Kolostrum in der Onkologie: Leitlinie (Onkopedia)
📋Auf einen Blick
- •Kolostrum wird in der komplementären Onkologie zur Immunmodulation und Linderung von Nebenwirkungen eingesetzt.
- •Es gibt keine Evidenz für eine antineoplastische Wirkung von Kolostrum (sehr niedrige Ergebnissicherheit).
- •In der Supportivtherapie gibt es Anhaltspunkte, dass Kolostrum den Schweregrad einer oralen Mukositis unter Chemotherapie reduzieren kann.
- •Kolostrum ist im Allgemeinen gut verträglich, bei Laktoseintoleranz oder Kuhmilchallergie jedoch kontraindiziert.
- •Bei hormonabhängigen Tumoren ist Vorsicht geboten, da Kolostrum Hormone wie Östrogene und Testosteron enthalten kann.
Hintergrund
Als Kolostrum wird die Milch bezeichnet, die Säugetiere in den ersten Tagen nach der Geburt sezernieren. In der komplementären Onkologie kommen meist Präparate aus bovinem Kolostrum (Rind) als Pulver oder Kapseln zum Einsatz.
Zu den Hauptinhaltsstoffen, denen immunmodulatorische, antimikrobielle und entzündungshemmende Wirkungen zugeschrieben werden, zählen:
- Immunglobuline (v. a. IgG, IgM, IgA)
- Zytokine (IL-1beta, IL-6, TNF-alpha, IFN-gamma)
- Wachstumsfaktoren (IGF I/II, TGF-beta, EGF)
- Laktoferrin und Laktoperoxidase
Klinische Wirksamkeit
Die Evidenzlage für den Einsatz von Kolostrum in der Onkologie ist stark limitiert. Es existiert lediglich eine randomisierte kontrollierte Studie (RCT), die übrigen Daten stammen aus Fallserien.
| Indikation | Studienart (n) | Klinischer Effekt | Ergebnissicherheit |
|---|---|---|---|
| Antineoplastische Therapie (Mamma-Ca) | Fallserie (n=17) | Keine Remissionen, Versuch als "erfolglos" bewertet | Sehr niedrig |
| Orale Mukositis (Chemotherapie bei ALL) | RCT (n=62) | Signifikante Reduktion des Schweregrads | Moderat |
| Infektionsprophylaxe (Chemotherapie bei ALL) | RCT (n=62) | Keine Senkung von Fieber, Infektionen oder Antibiotikabedarf | Moderat |
| Candida-Infektion (nach allogener Stammzelltransplantation) | Fallserie (n=59) | Reduktion der Kolonisationslast, Effekt auf invasive Infektion unklar | Sehr niedrig |
| Graft-versus-Host-Disease (GvHD) (Darm) | Fallserie (n=9) | Verbesserung des klinischen Stadiums | Sehr niedrig |
Dosierung und Anwendung
Es existiert keine standardisierte optimale Dosierung oder Einnahmedauer für Rinderkolostrum.

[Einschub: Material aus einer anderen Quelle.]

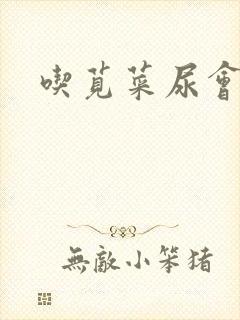 吃苋菜尿会红吗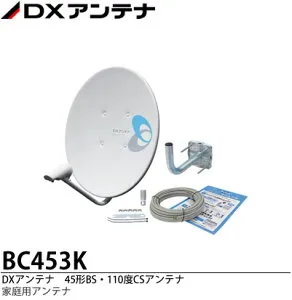 【DXアンテナ】家庭用45形BS・110度CSアンテナセット画像はBC453KとなっておりますがBC453SKとなります。BC453SK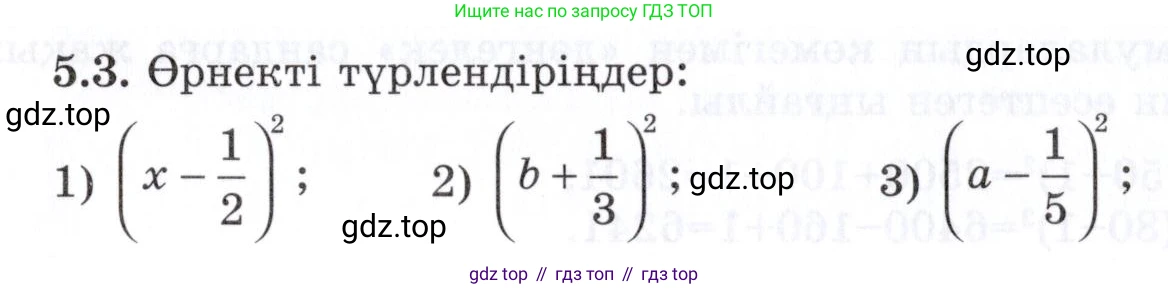 ГДЗ Алгебра, 7 класс Учебник, авторы: Шыныбеков Абдухали Насырович, Шыныбеков Данияр Абдухалиевич, издательство Атамұра, Алматы, 2017, зелёного цвета, страница 136, номер 5.3, Условие (КЗ)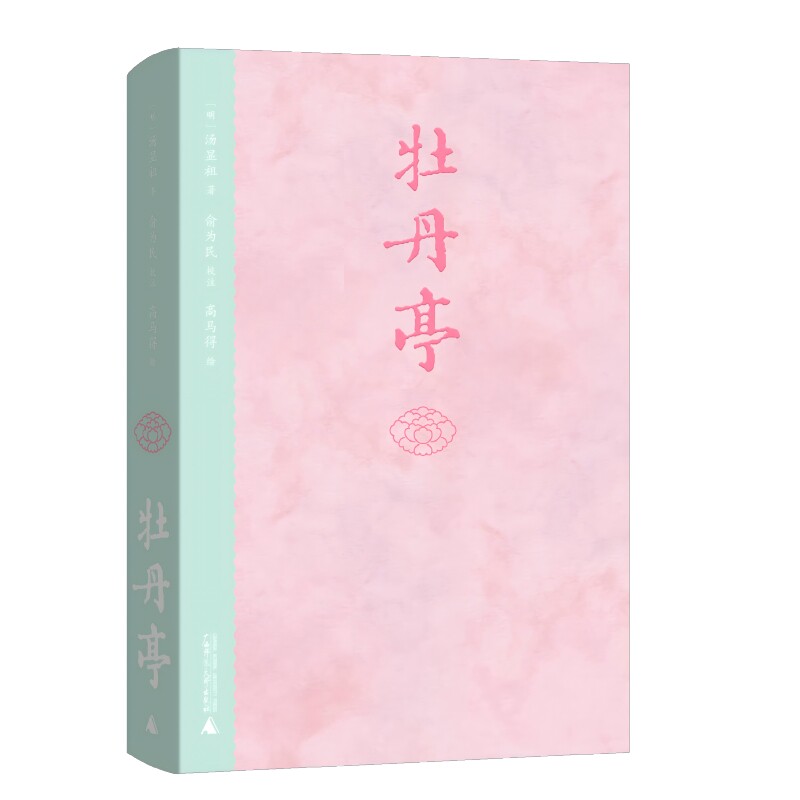 正版图书  牡丹亭  （明）汤显祖   注者：俞为民  绘者：高马得  北京贝贝特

- Herstellerempfehlung: Meist 1 bis 2 g pro Tag.
- Studien (Sportler): Deutlich höhere Dosen von 10 bis 60 g pro Tag.
- Kosten: Ein Monatsvorrat (bei 1-2 g/Tag) liegt bei ca. 25 bis 100 EUR.

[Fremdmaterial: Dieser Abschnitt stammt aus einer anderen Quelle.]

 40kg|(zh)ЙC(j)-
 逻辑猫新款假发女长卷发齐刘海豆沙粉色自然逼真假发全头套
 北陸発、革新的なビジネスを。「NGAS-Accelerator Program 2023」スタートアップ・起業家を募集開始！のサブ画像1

Sicherheit und Nebenwirkungen
Kolostrum ist im Allgemeinen gut verträglich. Unerwünschte Ereignisse sind selten, mild und vorübergehend. In onkologischen Studien wurden keine höhergradigen Nebenwirkungen berichtet.

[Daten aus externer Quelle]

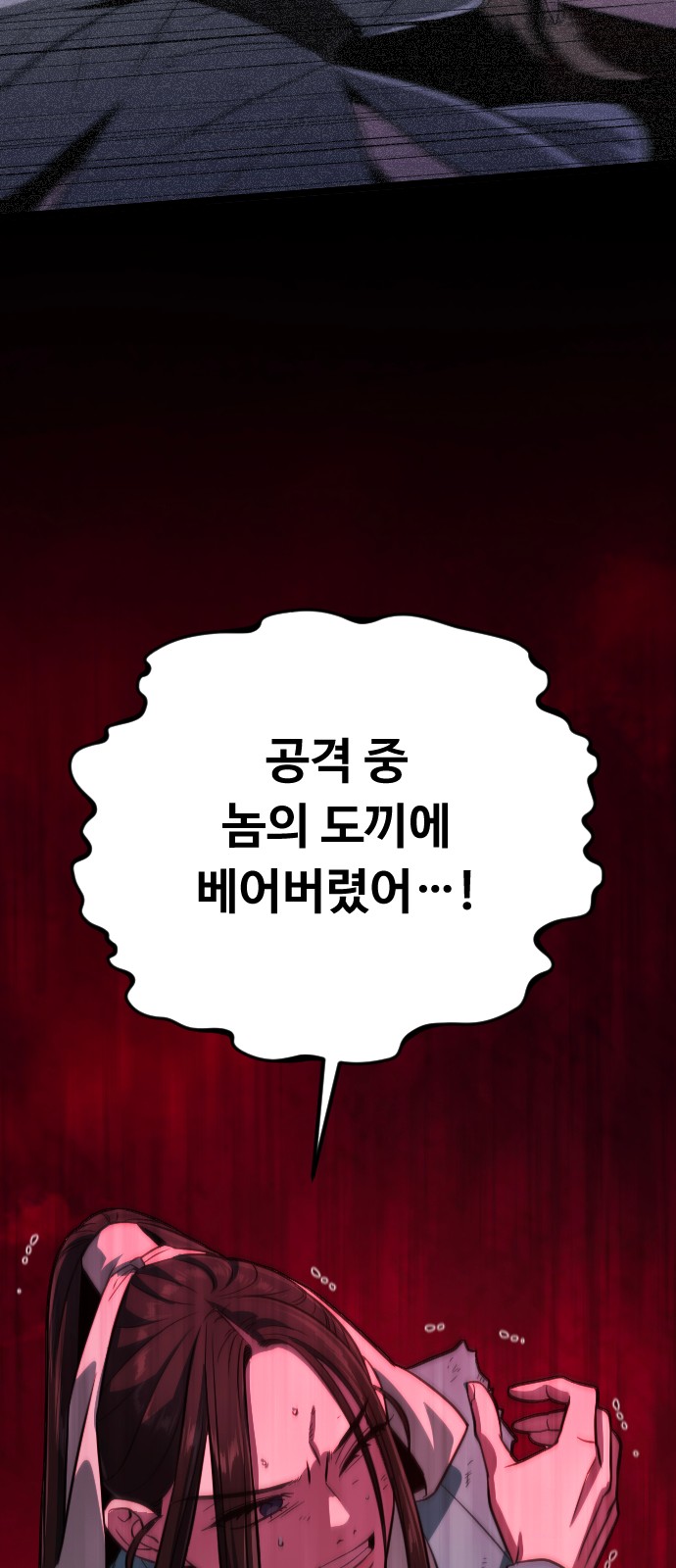 84 페이지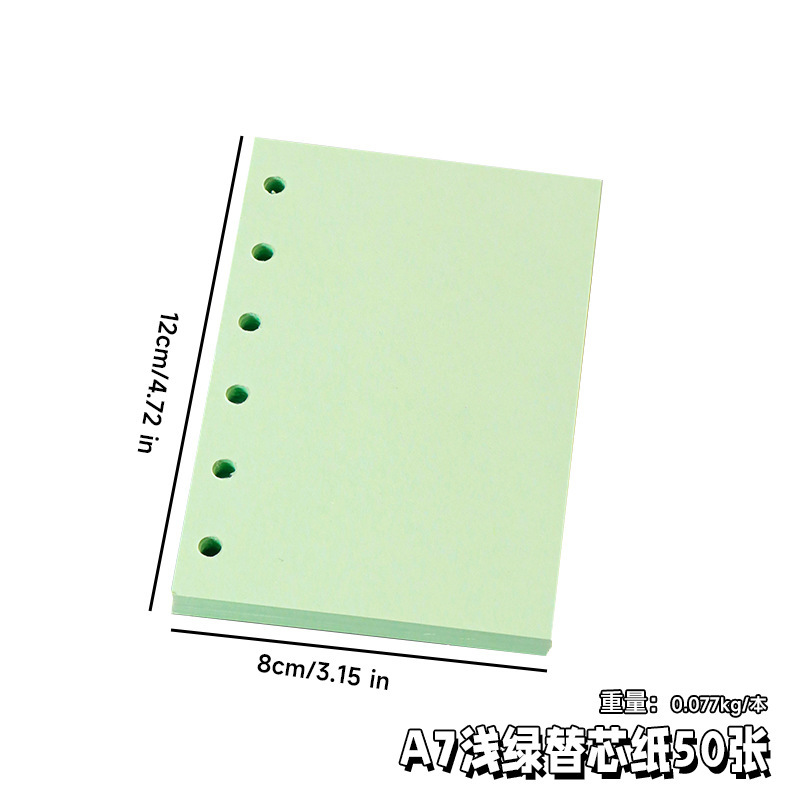 包邮彩色活页纸六孔内页a7替芯本手帐本替换书写纸马卡龙色纸砖|undefined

Mögliche milde Nebenwirkungen:
- Unangenehmer Geschmack
- Übelkeit und Blähungen
- Durchfall oder unspezifische Bauchbeschwerden
- Hautausschlag
Kontraindikationen und Warnhinweise
| Kategorie | Hinweis / Empfehlung |
|---|---|
| Allergien | Kontraindiziert bei Allergie gegen Milchprodukte. |
| Intoleranzen | Keine Einnahme bei Laktoseintoleranz. |
| Hormonabhängige Tumore | Vorsicht: Kolostrum kann Hormone (Testosteron, Östrogene) enthalten. Zwingende Absprache mit dem Behandlungsteam! |
| Schwangerschaft/Stillzeit | Keine Daten zur Sicherheit verfügbar. |
| Wechselwirkungen | Bisher keine medikamentösen Wechselwirkungen bekannt. |
💡Praxis-Tipp
Klären Sie Patientinnen und Patienten mit hormonrezeptorpositiven Tumoren zwingend darüber auf, dass Kolostrum Hormone enthalten kann und die Einnahme kritisch abgewogen werden muss.